Scan the records for the word "with". Copy each line that includes it.

TASK DATA Start Marker

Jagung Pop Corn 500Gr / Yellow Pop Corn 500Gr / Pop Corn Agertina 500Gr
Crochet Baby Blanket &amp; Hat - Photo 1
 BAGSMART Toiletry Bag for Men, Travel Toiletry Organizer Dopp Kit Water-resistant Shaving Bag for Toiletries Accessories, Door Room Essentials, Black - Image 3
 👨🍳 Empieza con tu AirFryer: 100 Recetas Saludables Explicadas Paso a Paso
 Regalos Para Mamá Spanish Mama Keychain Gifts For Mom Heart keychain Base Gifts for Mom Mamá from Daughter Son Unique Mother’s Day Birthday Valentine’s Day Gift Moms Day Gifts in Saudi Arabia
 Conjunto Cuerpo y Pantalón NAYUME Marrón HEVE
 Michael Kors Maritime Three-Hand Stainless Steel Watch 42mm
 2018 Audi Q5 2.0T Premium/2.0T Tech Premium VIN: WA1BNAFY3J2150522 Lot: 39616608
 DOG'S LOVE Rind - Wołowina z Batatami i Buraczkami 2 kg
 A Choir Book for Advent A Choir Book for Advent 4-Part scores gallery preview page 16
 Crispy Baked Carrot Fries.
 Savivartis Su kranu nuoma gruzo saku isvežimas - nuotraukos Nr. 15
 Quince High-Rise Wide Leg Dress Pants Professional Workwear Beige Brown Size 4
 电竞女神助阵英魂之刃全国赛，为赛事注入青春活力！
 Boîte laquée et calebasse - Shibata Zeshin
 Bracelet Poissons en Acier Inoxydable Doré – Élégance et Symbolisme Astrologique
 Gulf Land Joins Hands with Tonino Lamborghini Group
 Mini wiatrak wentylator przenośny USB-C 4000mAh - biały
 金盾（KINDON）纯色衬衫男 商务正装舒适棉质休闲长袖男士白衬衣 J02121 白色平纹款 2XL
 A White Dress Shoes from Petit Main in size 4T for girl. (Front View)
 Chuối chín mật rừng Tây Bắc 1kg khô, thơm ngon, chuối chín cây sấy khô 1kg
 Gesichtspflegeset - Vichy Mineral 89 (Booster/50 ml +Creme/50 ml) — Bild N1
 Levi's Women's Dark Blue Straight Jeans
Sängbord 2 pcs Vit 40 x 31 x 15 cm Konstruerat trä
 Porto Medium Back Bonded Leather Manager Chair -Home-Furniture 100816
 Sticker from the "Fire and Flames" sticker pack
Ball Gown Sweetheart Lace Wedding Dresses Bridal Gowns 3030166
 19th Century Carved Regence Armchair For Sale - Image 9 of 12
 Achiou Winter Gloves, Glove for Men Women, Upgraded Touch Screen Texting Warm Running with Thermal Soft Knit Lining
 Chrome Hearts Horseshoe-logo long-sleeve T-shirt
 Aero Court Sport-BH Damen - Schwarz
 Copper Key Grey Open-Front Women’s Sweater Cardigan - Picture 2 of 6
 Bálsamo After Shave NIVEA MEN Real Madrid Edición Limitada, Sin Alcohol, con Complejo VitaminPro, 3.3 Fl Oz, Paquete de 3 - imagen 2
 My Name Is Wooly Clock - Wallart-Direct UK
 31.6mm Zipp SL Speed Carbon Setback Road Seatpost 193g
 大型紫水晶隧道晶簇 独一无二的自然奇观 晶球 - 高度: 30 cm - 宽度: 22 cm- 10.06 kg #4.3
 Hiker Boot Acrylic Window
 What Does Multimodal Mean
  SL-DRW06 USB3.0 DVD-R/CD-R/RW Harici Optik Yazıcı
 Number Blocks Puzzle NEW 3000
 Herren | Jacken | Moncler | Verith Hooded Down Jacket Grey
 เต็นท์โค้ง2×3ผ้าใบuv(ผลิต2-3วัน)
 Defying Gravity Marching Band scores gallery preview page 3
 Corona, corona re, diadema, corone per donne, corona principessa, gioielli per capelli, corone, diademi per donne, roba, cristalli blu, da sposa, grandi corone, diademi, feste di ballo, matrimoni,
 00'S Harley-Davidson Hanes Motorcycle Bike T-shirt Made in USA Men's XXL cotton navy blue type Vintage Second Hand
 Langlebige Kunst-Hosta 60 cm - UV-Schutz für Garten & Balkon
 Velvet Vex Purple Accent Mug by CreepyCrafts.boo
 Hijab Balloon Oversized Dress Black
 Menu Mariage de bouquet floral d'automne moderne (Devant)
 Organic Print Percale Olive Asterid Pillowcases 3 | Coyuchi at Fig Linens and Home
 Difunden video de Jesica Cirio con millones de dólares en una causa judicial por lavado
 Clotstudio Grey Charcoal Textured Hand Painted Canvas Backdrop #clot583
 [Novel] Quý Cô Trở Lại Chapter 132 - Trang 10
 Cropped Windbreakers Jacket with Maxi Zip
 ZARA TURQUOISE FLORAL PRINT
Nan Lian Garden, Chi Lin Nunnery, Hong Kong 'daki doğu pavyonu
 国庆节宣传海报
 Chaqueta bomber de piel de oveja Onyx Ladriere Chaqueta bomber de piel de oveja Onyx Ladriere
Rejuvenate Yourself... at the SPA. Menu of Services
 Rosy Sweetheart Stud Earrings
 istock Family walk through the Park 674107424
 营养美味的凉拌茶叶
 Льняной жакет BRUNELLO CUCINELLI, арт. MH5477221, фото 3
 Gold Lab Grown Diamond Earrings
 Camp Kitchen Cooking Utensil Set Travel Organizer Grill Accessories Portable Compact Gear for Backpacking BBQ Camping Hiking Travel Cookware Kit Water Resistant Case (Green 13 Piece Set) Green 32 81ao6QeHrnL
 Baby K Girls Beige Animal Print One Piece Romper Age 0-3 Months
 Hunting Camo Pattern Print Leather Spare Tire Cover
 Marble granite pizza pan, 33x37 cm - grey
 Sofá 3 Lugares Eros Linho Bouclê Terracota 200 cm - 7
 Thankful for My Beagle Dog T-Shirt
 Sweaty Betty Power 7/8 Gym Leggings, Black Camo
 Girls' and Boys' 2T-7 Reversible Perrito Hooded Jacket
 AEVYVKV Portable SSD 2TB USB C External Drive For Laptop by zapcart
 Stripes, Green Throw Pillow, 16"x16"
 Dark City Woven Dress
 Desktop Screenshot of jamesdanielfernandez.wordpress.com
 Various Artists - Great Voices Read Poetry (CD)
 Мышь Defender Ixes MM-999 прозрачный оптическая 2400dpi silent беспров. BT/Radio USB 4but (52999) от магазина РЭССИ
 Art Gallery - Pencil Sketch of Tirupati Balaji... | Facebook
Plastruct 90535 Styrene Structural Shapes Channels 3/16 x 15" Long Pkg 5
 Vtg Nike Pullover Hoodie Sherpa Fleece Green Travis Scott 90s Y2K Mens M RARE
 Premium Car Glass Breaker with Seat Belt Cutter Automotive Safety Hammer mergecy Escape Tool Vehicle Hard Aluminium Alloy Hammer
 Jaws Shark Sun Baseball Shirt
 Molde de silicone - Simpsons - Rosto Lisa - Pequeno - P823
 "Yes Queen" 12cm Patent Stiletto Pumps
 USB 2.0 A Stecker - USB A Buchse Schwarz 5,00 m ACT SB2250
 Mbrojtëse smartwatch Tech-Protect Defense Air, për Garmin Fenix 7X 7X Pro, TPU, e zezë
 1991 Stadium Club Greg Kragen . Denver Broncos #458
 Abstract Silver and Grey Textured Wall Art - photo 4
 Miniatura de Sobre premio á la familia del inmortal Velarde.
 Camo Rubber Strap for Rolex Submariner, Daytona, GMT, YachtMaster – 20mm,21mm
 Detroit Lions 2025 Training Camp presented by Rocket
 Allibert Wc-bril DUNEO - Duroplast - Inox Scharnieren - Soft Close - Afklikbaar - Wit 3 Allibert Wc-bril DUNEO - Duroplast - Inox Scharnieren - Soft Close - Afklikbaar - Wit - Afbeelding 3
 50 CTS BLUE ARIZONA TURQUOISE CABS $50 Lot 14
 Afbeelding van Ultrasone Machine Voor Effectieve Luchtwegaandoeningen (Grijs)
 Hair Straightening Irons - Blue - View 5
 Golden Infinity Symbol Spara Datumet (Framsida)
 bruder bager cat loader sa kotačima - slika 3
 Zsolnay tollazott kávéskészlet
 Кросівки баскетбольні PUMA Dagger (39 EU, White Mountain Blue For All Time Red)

TASK DATA End Marker

* **SOLUTION TO THE EXERCISE**:
 Gulf Land Joins Hands with Tonino Lamborghini Group
 Achiou Winter Gloves, Glove for Men Women, Upgraded Touch Screen Texting Warm Running with Thermal Soft Knit Lining
 Cropped Windbreakers Jacket with Maxi Zip
 Premium Car Glass Breaker with Seat Belt Cutter Automotive Safety Hammer mergecy Escape Tool Vehicle Hard Aluminium Alloy Hammer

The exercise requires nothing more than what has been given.